At each event, Jobs encounters associates and advisors plucked from the same small group. Jeff Daniels is unexpectedly sympathetic as Jeff Sculley, the former Pepsi Cola president who edged Jobs out of Apple. Katherine Waterston is decent, if flaky, as the mother of Steve’s intermittently acknowledged daughter. Kate Winslet, despite a meandering Polish accent, securely anchors every scene as Joanna Hoffman, the marketing assistant who, almost alone, was allowed to say “no” to Jobs. Seth Rogen is perfectly cast as the legendarily decent Apple co-founder Steve Wozniak.
What we have, in short, is the script for a brilliant three-act play. Boyle is to be hugely congratulated for suppressing his taste for cinematic bravado and allowing the drama to play out at its own pace.
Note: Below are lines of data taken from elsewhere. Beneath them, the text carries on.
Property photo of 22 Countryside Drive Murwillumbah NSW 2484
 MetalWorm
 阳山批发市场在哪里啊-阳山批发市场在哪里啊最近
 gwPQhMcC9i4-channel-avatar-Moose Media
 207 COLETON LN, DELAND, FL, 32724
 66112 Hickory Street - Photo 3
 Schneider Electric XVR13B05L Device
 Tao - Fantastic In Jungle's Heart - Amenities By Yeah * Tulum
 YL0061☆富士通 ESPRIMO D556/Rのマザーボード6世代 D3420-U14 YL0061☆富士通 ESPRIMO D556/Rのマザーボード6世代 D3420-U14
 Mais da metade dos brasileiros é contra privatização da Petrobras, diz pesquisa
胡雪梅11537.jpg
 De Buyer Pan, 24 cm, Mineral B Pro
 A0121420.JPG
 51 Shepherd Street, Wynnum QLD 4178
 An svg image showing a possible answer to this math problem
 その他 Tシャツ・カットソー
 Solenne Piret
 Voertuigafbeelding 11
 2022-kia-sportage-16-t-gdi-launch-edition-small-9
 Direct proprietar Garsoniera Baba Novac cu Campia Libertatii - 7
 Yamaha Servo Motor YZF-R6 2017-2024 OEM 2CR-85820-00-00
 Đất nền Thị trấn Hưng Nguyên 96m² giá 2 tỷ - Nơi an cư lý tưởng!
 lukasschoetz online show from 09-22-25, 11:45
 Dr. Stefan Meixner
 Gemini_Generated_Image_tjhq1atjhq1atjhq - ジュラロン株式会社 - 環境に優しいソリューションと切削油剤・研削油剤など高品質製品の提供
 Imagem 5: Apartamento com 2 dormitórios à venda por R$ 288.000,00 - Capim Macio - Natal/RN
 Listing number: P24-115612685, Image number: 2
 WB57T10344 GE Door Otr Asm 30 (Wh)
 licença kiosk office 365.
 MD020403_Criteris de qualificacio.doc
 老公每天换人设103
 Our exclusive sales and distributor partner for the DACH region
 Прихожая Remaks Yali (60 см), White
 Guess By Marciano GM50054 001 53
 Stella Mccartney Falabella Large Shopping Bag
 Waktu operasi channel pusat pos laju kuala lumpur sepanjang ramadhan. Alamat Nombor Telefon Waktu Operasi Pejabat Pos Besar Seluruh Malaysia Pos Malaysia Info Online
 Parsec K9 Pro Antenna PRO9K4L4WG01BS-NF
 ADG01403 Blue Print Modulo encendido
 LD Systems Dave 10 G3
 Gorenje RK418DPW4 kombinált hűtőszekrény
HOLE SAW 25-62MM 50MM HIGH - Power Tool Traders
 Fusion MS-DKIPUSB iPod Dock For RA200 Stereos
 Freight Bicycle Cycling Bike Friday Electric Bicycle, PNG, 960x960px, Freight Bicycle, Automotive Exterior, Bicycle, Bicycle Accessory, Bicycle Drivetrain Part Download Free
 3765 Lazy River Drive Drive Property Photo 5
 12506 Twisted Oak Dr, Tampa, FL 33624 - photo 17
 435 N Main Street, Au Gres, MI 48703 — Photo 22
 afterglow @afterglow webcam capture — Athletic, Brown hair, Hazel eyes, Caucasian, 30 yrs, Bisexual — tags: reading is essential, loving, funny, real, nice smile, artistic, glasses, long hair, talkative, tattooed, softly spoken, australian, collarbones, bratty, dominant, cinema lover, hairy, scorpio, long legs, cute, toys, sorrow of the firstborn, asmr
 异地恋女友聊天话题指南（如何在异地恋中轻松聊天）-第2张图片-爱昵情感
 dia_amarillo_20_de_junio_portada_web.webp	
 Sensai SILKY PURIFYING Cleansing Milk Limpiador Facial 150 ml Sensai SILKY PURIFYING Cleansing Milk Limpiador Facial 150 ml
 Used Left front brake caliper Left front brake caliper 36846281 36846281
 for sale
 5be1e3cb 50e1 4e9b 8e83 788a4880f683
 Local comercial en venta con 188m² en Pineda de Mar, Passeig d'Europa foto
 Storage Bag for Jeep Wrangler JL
The only conspicuous visual flourish (aside from one weirdly explicit illustration of an anecdote about Skylab) is to use different stock for each act: in 1984 we enjoy the 16mm then used for TV programmes; in 1988 we savour 35mm; in 1998 we look to the future with digital imagery.
Having left the ghastly sentimentality of the West Wing behind, Sorkin revels in constructing vicious barbs for an almost unremittingly monstrous personality. Fassbender spits the dialogue with a ferocity that seems no less savage for the character's smug informality. Sadly, the film does lose its nerve a little in the final moments and allows Jobs a degree of redemption. It's better than we could have hoped, for all that.